神への自然的欲求と境界線上の人間 根占「『プラトン神学』と霊魂不滅の伝統」

  • 根占献一「『プラトン神学』と霊魂不滅の伝統 特に「自然的欲求」をめぐって」根占、伊藤博明、伊藤和行、加藤守通『イタリア・ルネサンスの霊魂論 フィチーノ、ピコ、ポンポナッツィ、ブルーノ』新装版、三元社、2013年、18–59ページ。

 95年に三元社より出された好著『イタリア・ルネサンスの霊魂論』がこのたび装いも新たに世に送り出されることになりました。ルネサンスを代表する哲学者の議論をすぐれた解説と、ポイントをついた翻訳選で楽しむことができます。このようなすばらしい企画が正当に評価され、復刊されるのはじつにすばらしい。新しい装丁がこれまたとても美しいのです。ぜひ手にとってみてください。今なら新たに発足したJapanese Association for Renaissance Studiesから特典付きで買うことができます。
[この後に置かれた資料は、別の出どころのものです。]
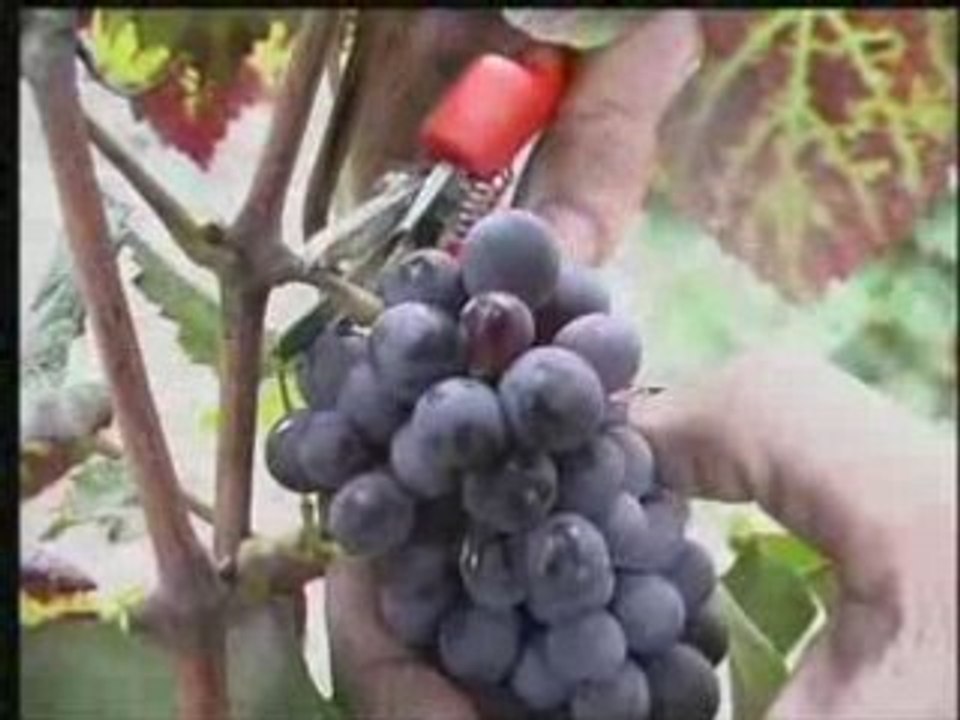 Vendanges (2006)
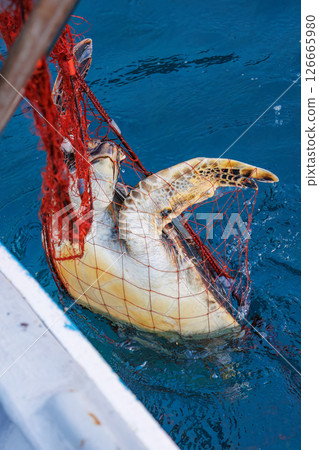 A green sea turtle that was caught as bycatch. It returned to the sea in good health. Hirizohama Nakagi Minamiizu Town Izu Peninsula Shizuoka Prefecture 2024 126665980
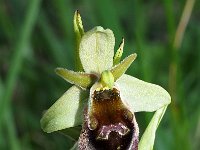 Ophrys crabonifera 10, Saxifraga-Hans Dekker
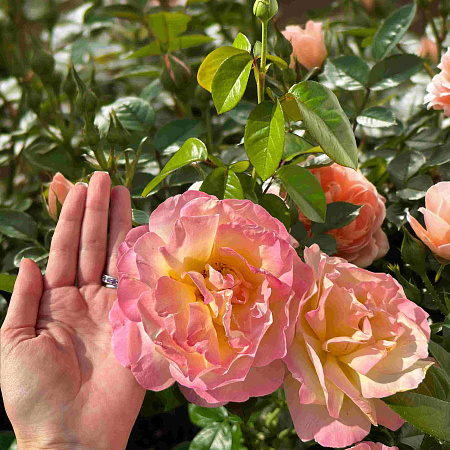 Фото Роза чайно-гибридная Глория дей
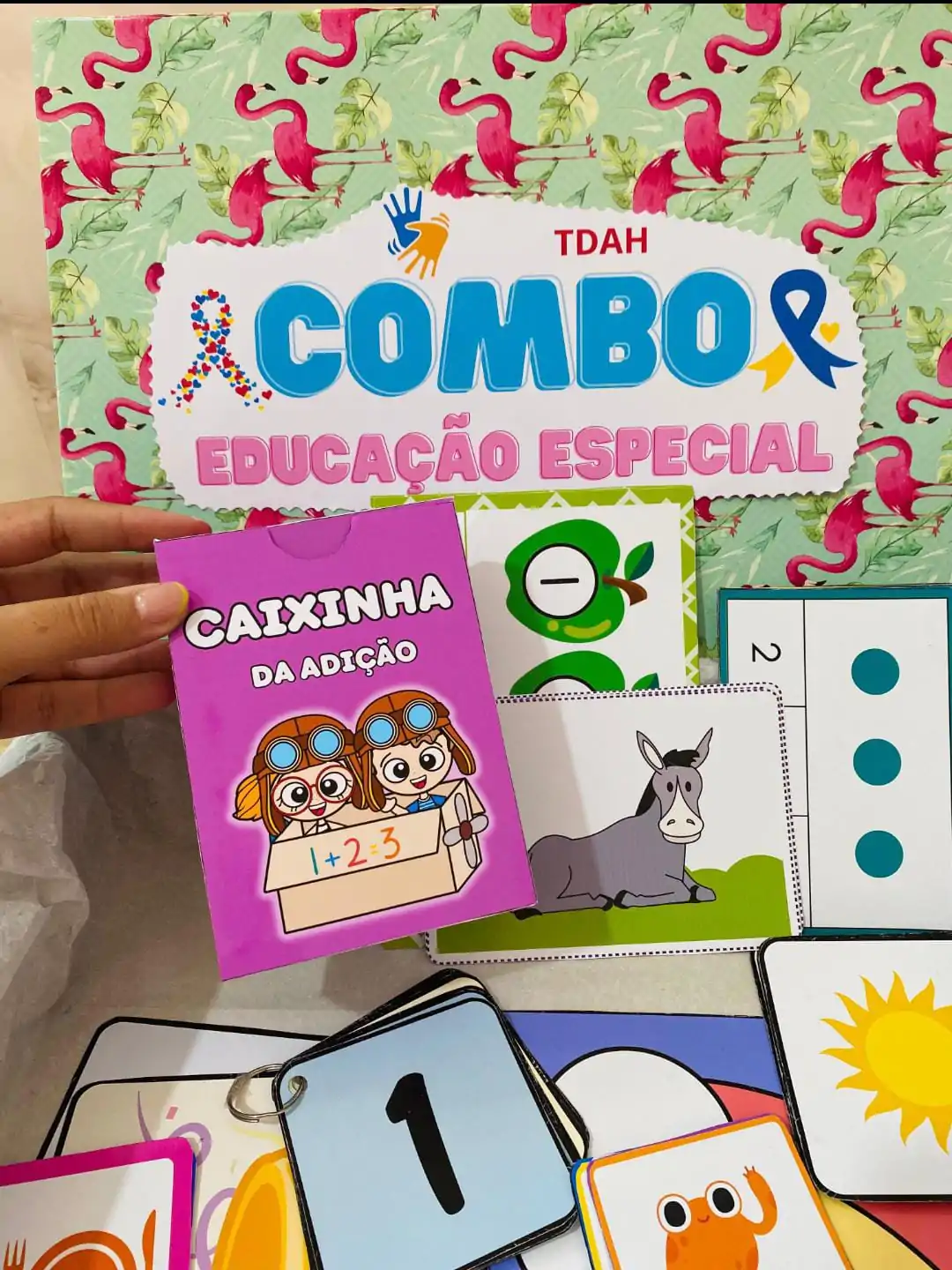 Combo Educação Especial Vol.1 - Imagem 2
 そのなかからマルシリオ・フィチーノの霊魂不滅論を人間が有する自然的欲求という側面から検証した論考を読みました。フィチーノによれば人間は生来的に神へと向かう欲求を有しています。そのため人間はときに世界にある階層構造を正しく認識することで神にいたるまで認識を深めていくことを目指します。しかしときには世界に向かって出て行くのではなく、逆に自身のうちに帰って、そこに目を向けることにより、自らのうちに神性を見いだし、そこから神を享受することです。この神の認識と神の享受(あるいは神への愛)のうち、フィチーノ自身は愛を高く評価していました。「実際われわれは理解すること、楽しむことで彼ら[諸天使]を凌駕することができる」(53ページ)。「神に関してなら、神を愛していることを人に知られてもその人の機嫌を損じないかなど、心配するには及ばない」(50ページ)。しかし肉体を有する人間はこの世のものごとにたいする自然的欲求もまた同時に持っています。だから私たちは決して完全で安定した神の認識、あるいは神の愛を得ることはできません。そのような認識・愛はこの世では実現しえないものです。だからこそ、これが霊魂の不死性の一つの根拠となるわけです。この世にあるなにものも無駄ではない以上、神への人間の欲求も無駄ではないだろう。これがこの世で満たされない以上、この世の先のどこかで満たされなければならないというわけです。実際に復活の時に人間が見にまとうことになる肉体はもはや人間の神への欲求を妨げません。ここにおいて自然的欲求は満たされることになるのです。